Exercise goal — Find the line containing "Üç son sınıf". Retype it and every later line of the records exactly, leaving out pictures.

[Available records — start]

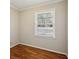 Cozy bedroom with hardwood floors and a window at 2773 Townley Cir, Atlanta, GA 30340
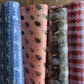 Four rolls of patterned wrapping paper standing upright side by side, showing different color and design options: blue with white bird and leaf motifs, dusty pink with black leaf prints, black with gold wave and globe patterns, and dark red with pink and blue scallop motifs.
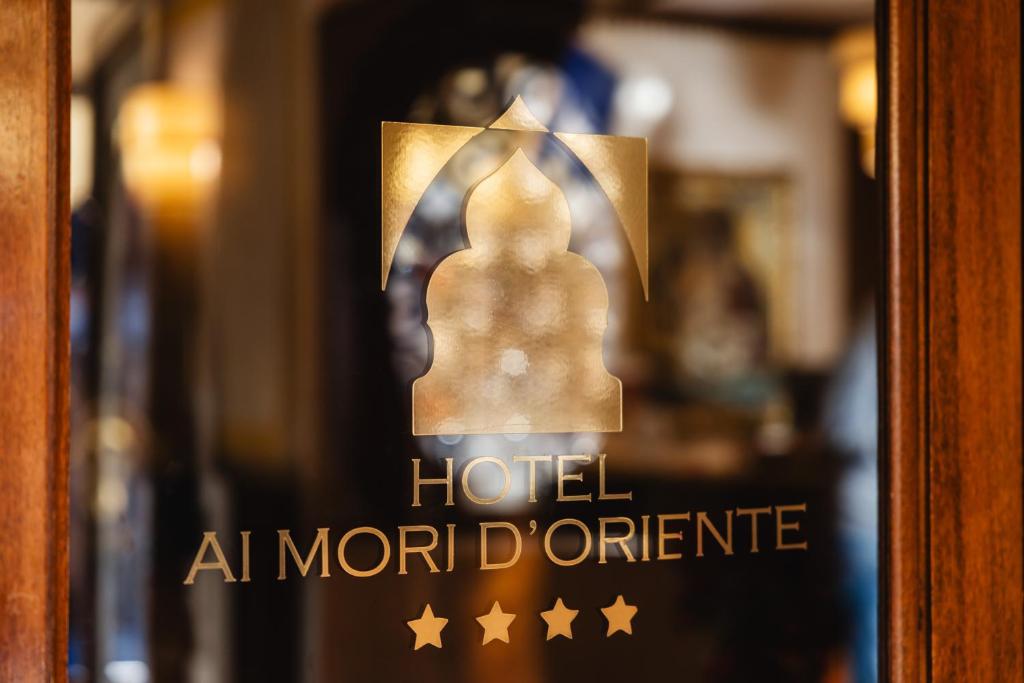 a sign for a hotel at a moroccan store at Ai Mori d&#39;Oriente in Venice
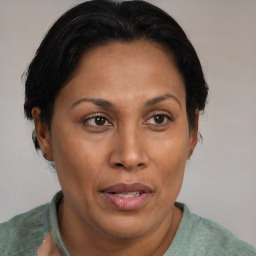 Joyful latino adult female with short  brown hair and brown eyes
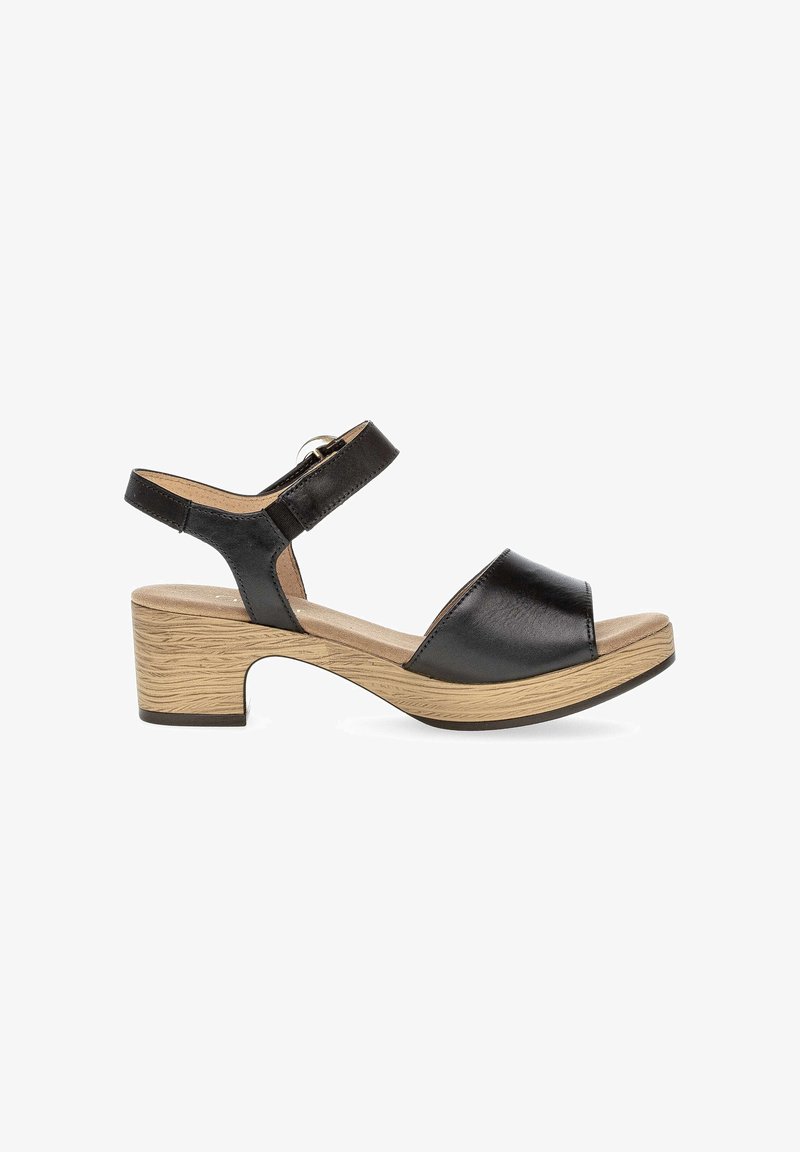 Black leather open-toe sandal with adjustable ankle strap and wooden block heel, featuring a cushioned footbed and textured sole.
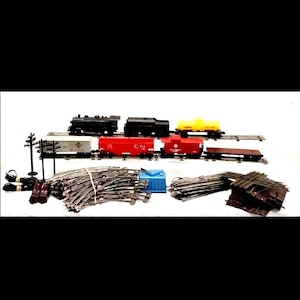 May include: A model train set featuring a black steam engine, various freight cars in red, yellow, and silver, and a brown flatbed car. Includes track pieces, a blue container, and a black telephone pole. The set is designed for model train enthusiasts.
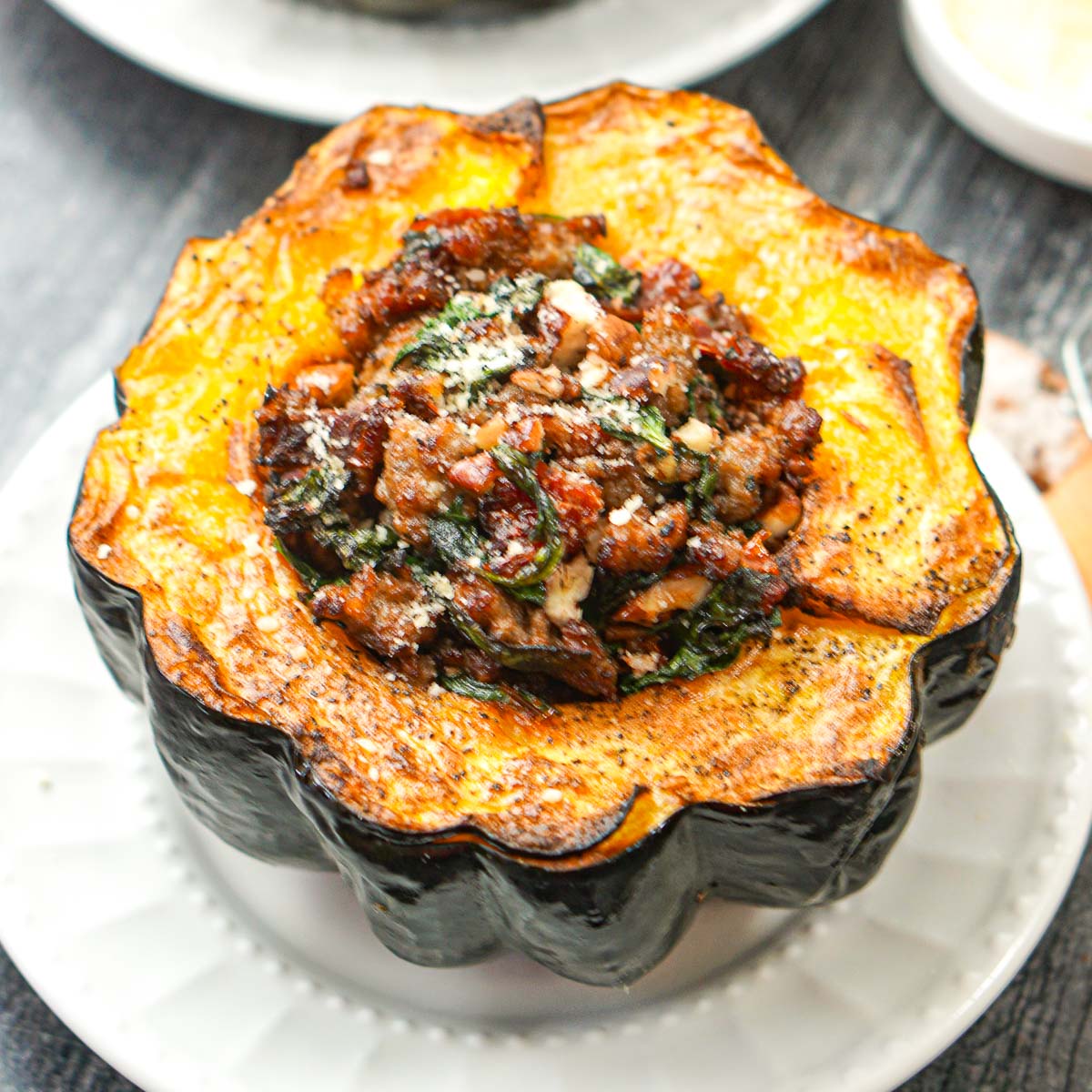 closeup of half of air fryer sausage stuffed acorn squash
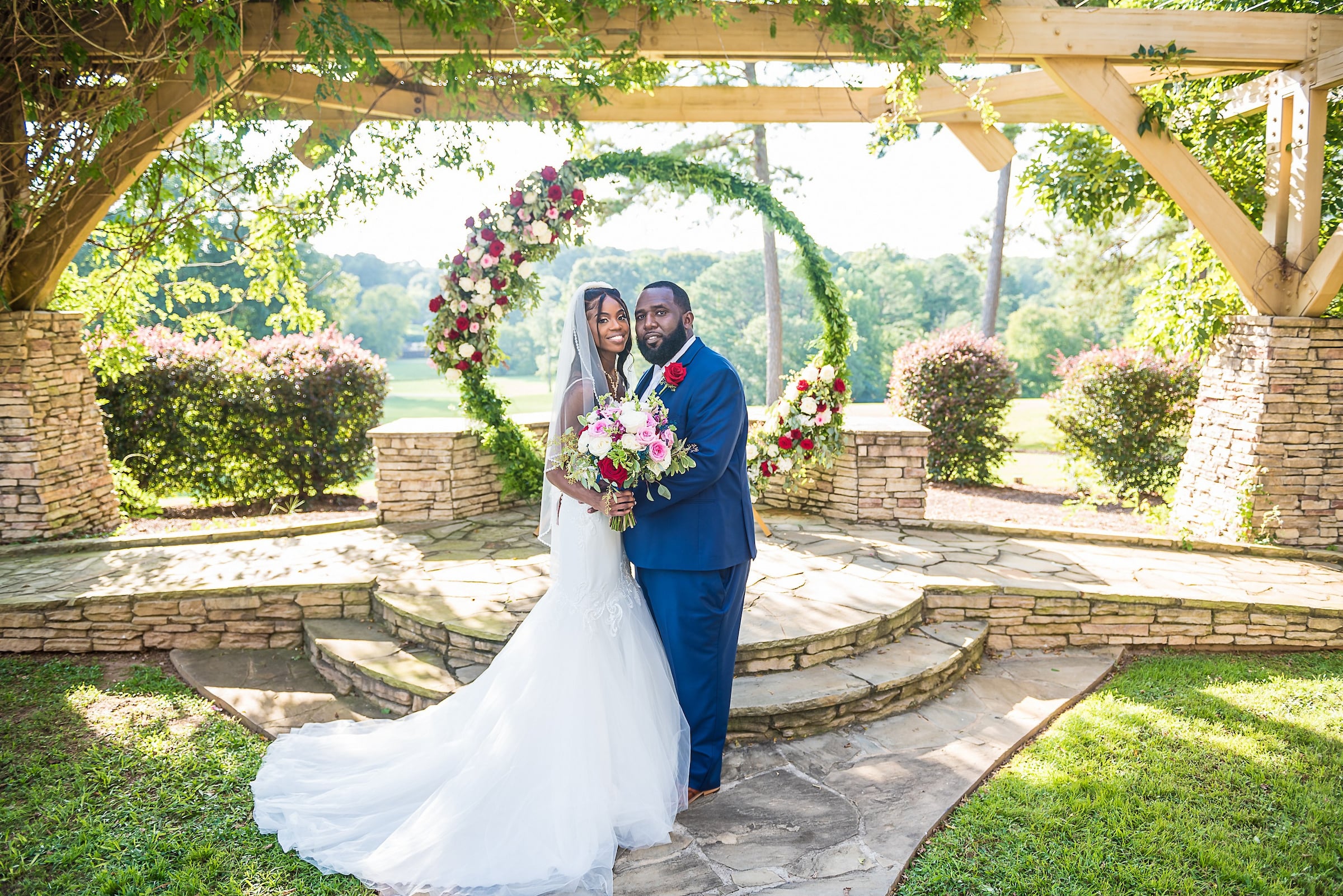 bride and groom in front of altar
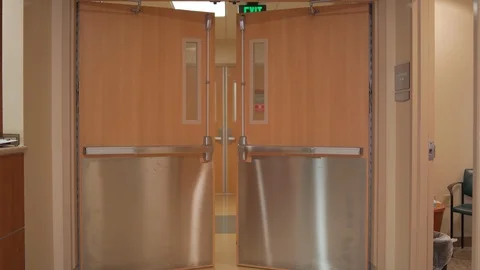 Hospital double doors opening in hallway Stock Footage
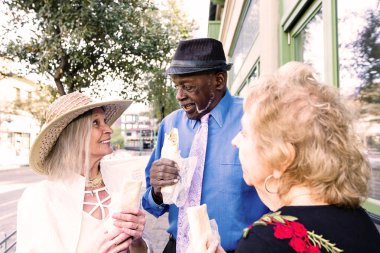 Üç son sınıf öğrencisi ellerinde burritolarla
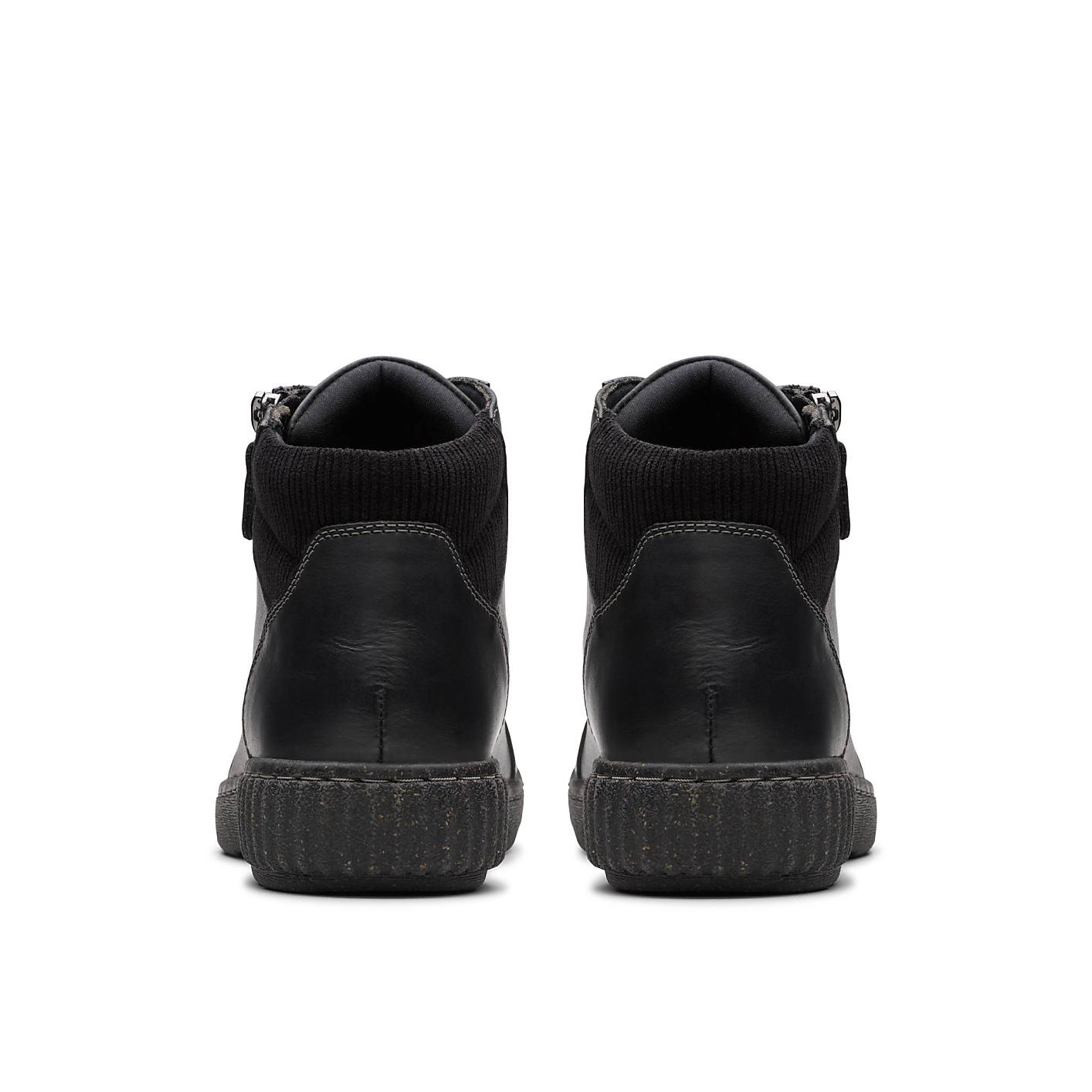 A pair of black leather ankle boots are positioned in the foreground against a plain white background. Product Image 2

[Available records — finish]

Answer space —
 Üç son sınıf öğrencisi ellerinde burritolarla
 A pair of black leather ankle boots are positioned in the foreground against a plain white background. Product Image 2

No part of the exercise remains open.